#### Recorded data

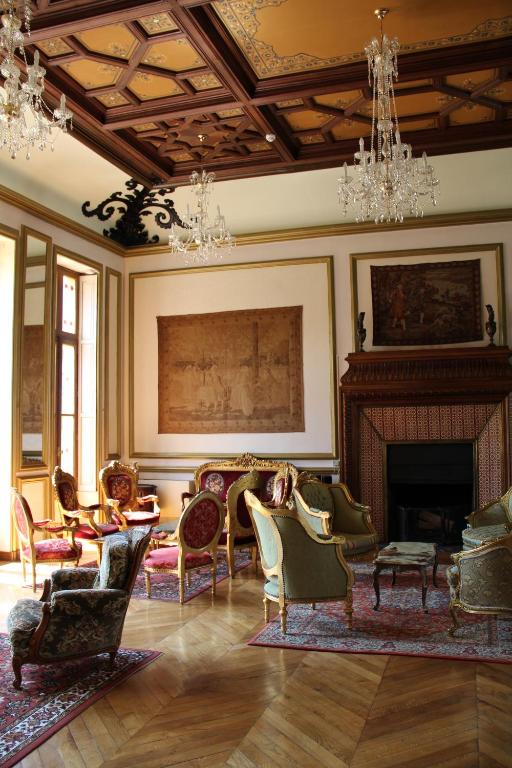 Posezení v ubytování Château de Béguin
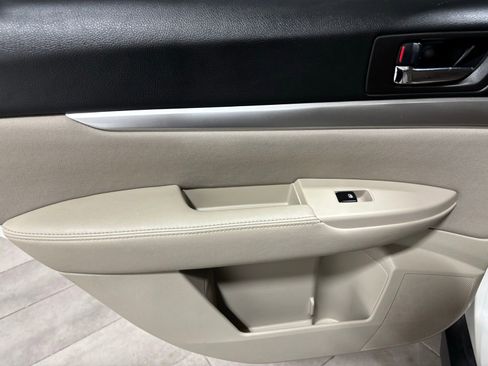 Used 2014 Subaru Outback 2.5i Premium image 17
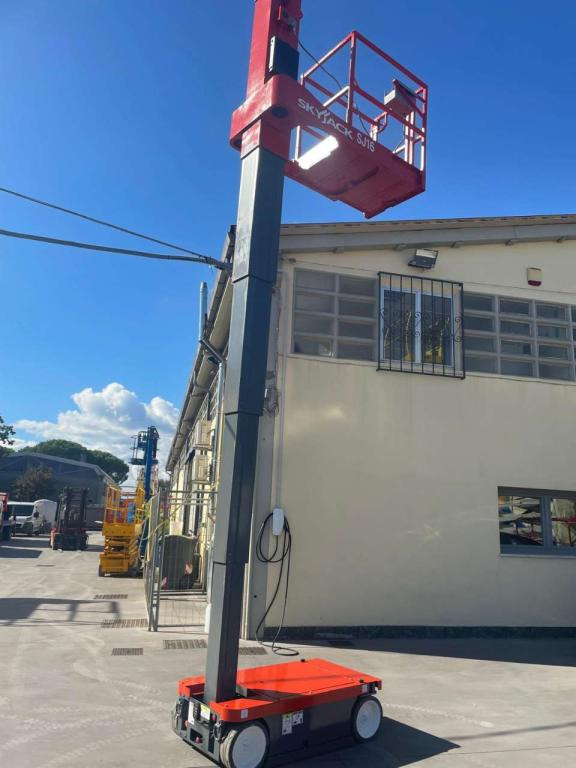 Plataforma de mástil vertical SkyJack SJ-16: foto 14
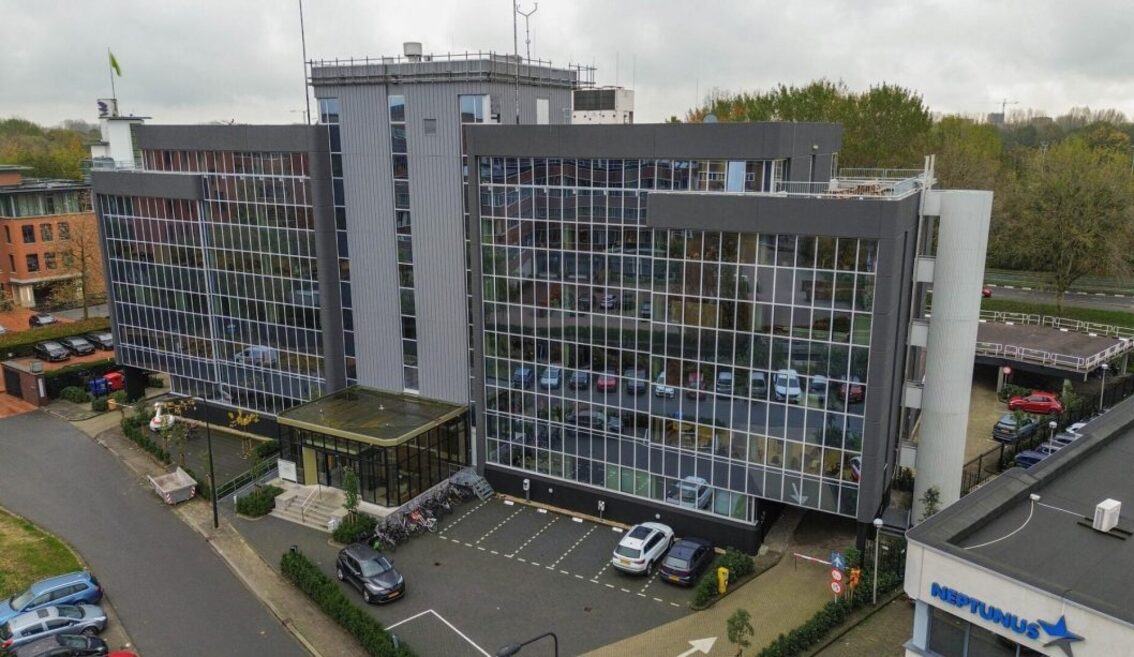 517274_205475835-1090x0-c-default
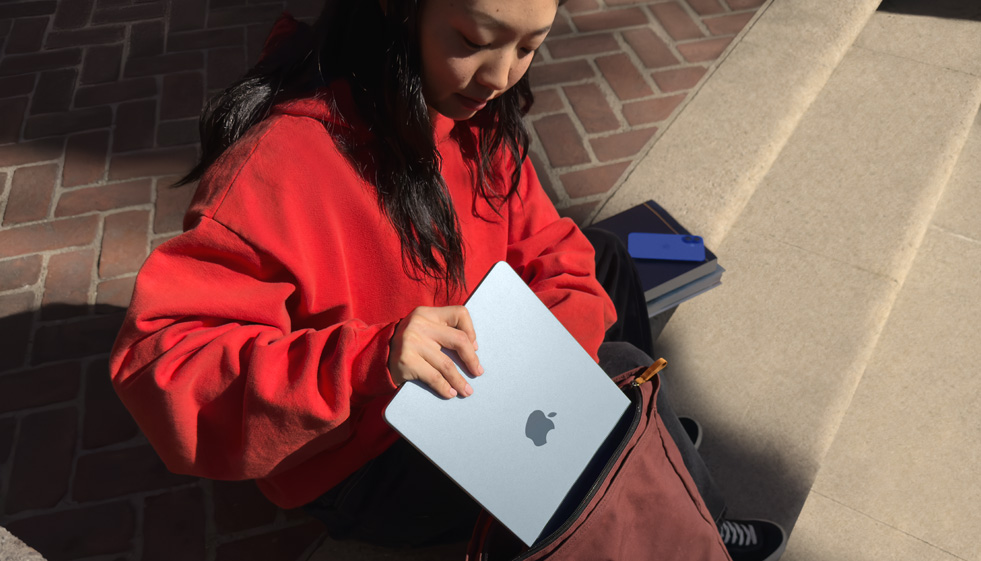 Una estudiante mete el MacBook Air en su mochila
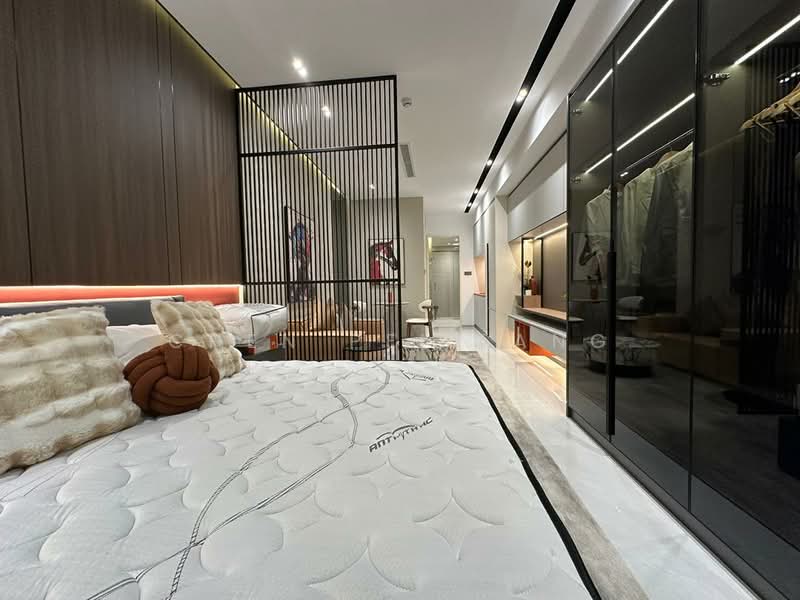 Apartment for Sale at R&F Princess Cove Phase 3-New Casa Suites - Chen Pei Fang - Bedroom - PropertyGuru.com.my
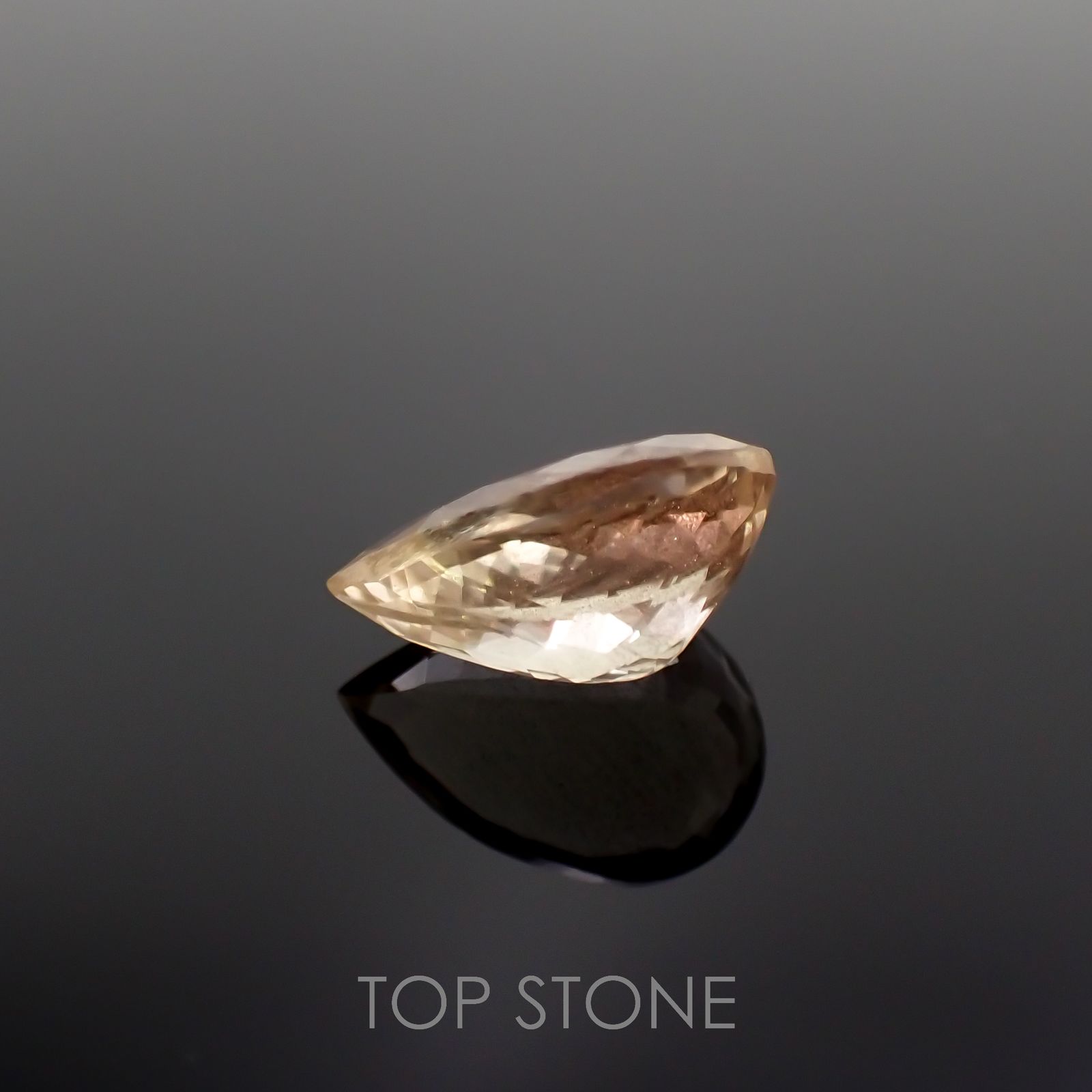 オレゴンサンストーン アメリカ・オレゴン州産 3.45ct[221018712]12.9x8.7mm前後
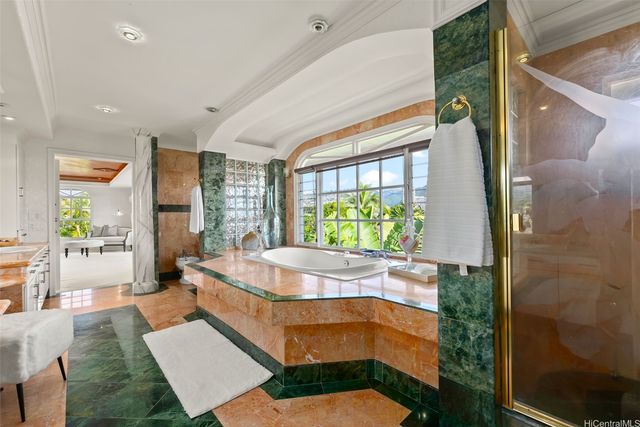 4327 Kilauea Avenue, Honolulu, HI 96816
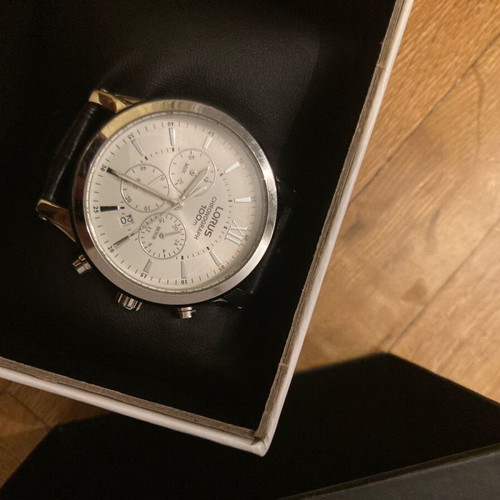Lorus men's watch used with leather strap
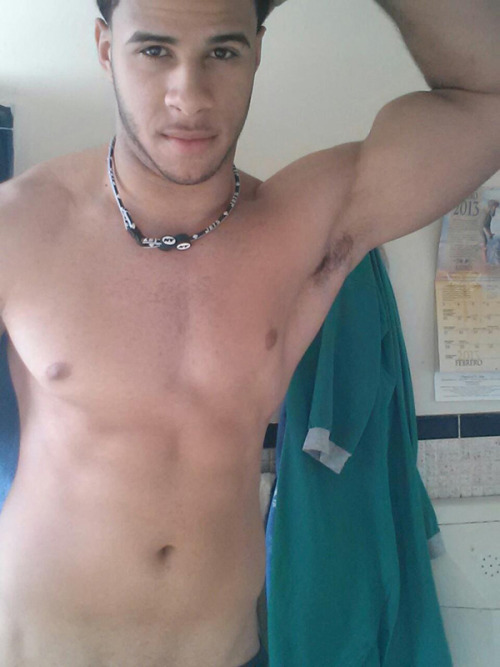 uncutmilitarymen:  29 year old straight Dominican guy from New York, NY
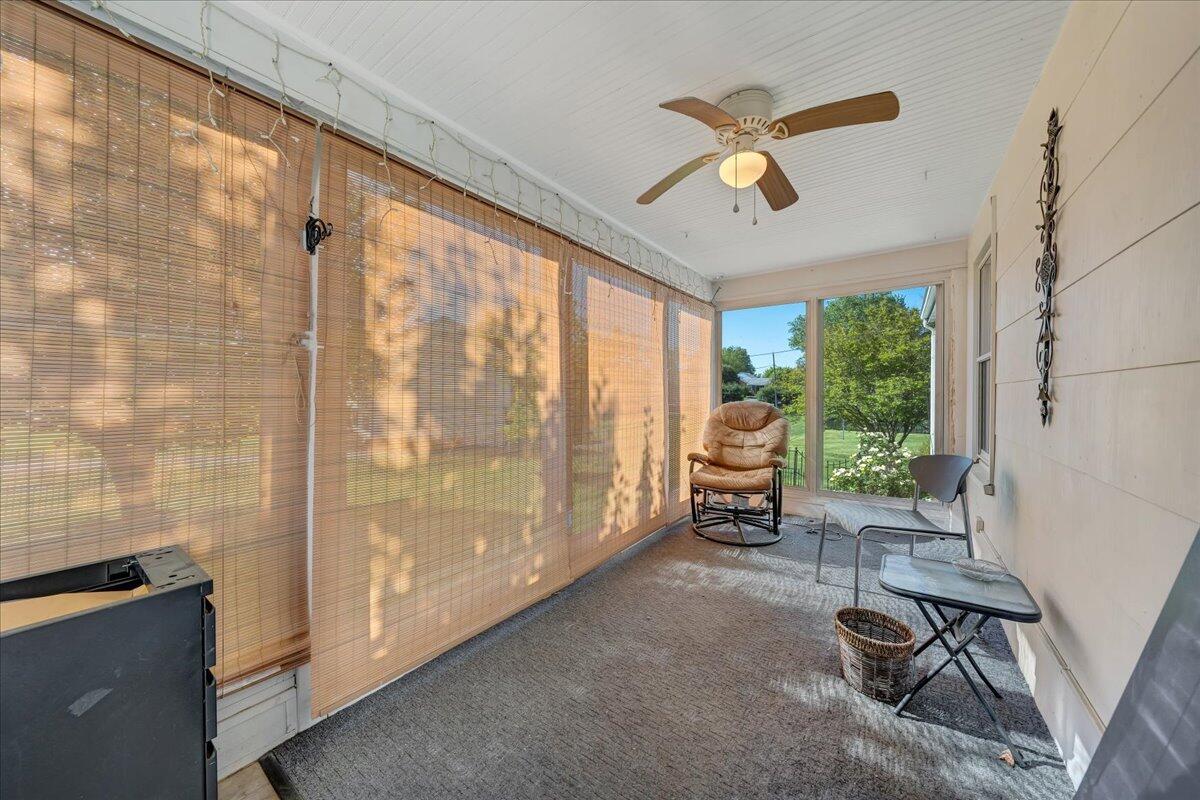 4418 Cove Road Roanoke, VA 24017 - Photo 36 of 56 43-MIB01676
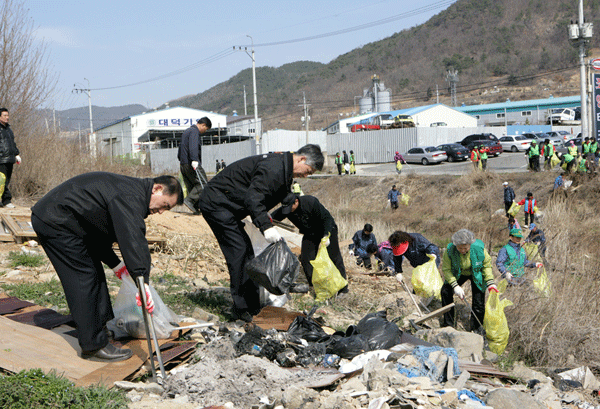 세계 물의 날 기념, 하천정화활동1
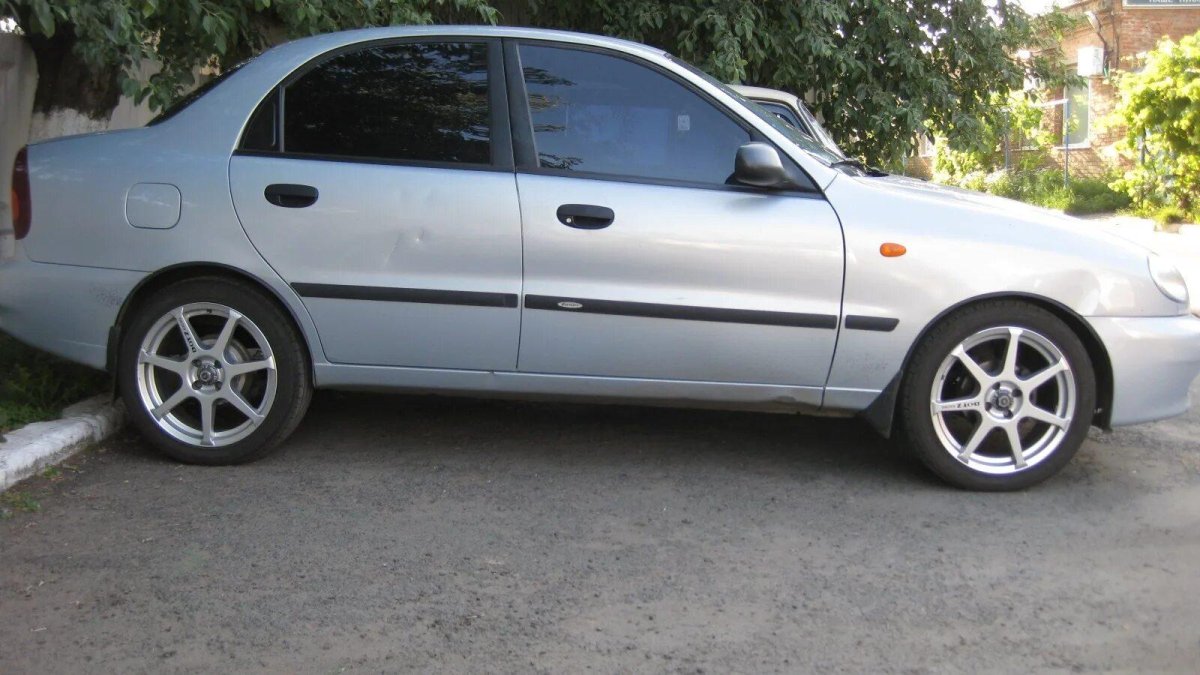 Шевроле Ланос на 17 дисках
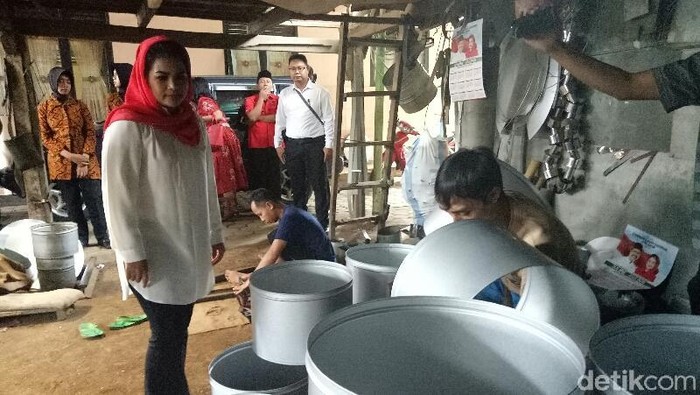Puti Terkesan Keuletan Perajin Alat Dapur yang Eksis Sejak 1970-an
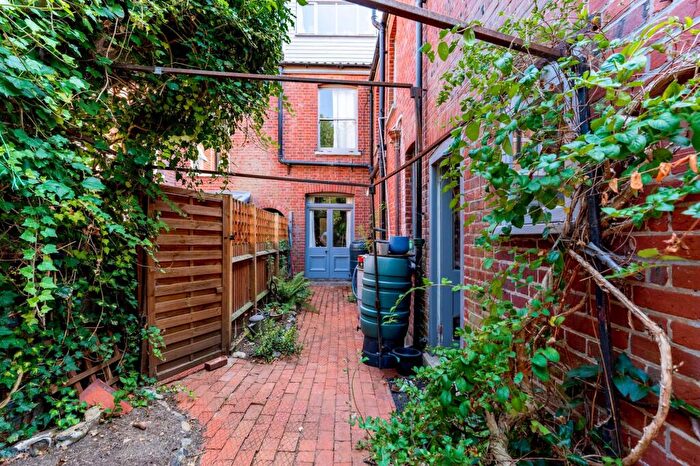 4 Bedroom Terraced House For Sale In Earlham Road, Norwich, NR2
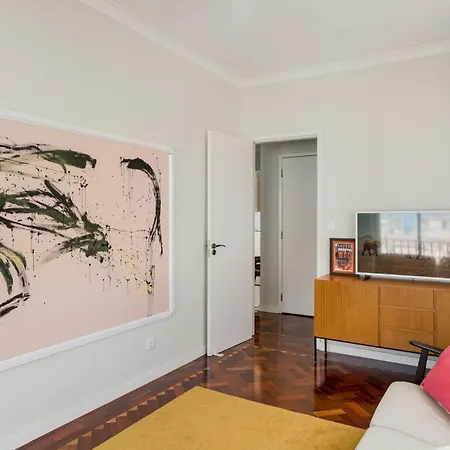 Bright Coastal Retreat In *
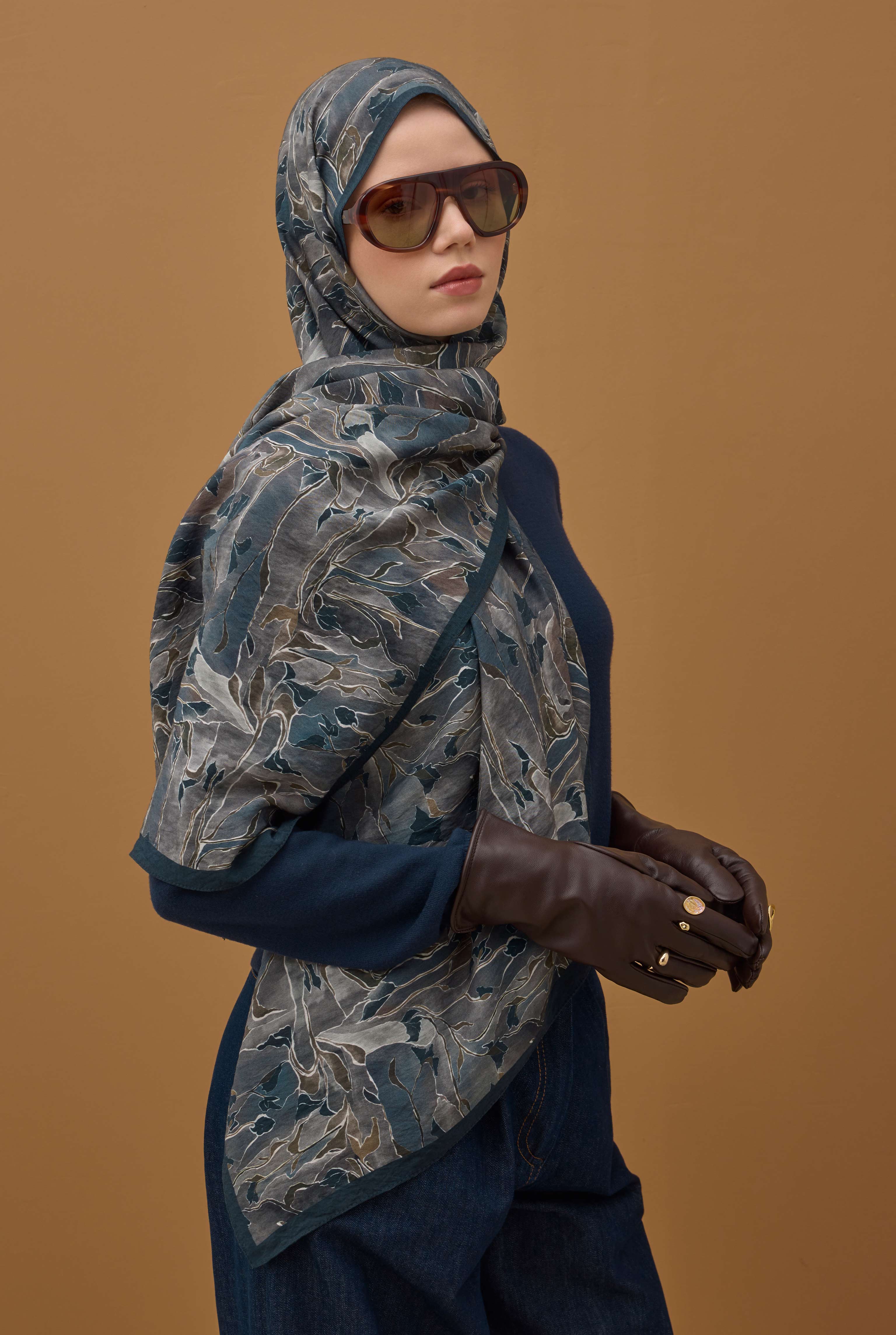 Frame Bloom Shawl Navy Blue - 9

########

Aim of the task: Make an exact copy of all entries above, dropping the images.

Exercise response:
 Posezení v ubytování Château de Béguin
 Used 2014 Subaru Outback 2.5i Premium image 17
 Plataforma de mástil vertical SkyJack SJ-16: foto 14
 517274_205475835-1090x0-c-default
 Una estudiante mete el MacBook Air en su mochila
 Apartment for Sale at R&F Princess Cove Phase 3-New Casa Suites - Chen Pei Fang - Bedroom - PropertyGuru.com.my
 オレゴンサンストーン アメリカ・オレゴン州産 3.45ct[221018712]12.9x8.7mm前後
 4327 Kilauea Avenue, Honolulu, HI 96816
Lorus men's watch used with leather strap
 uncutmilitarymen:  29 year old straight Dominican guy from New York, NY
 4418 Cove Road Roanoke, VA 24017 - Photo 36 of 56 43-MIB01676
 세계 물의 날 기념, 하천정화활동1
 Шевроле Ланос на 17 дисках
Puti Terkesan Keuletan Perajin Alat Dapur yang Eksis Sejak 1970-an
 4 Bedroom Terraced House For Sale In Earlham Road, Norwich, NR2
 Bright Coastal Retreat In *
 Frame Bloom Shawl Navy Blue - 9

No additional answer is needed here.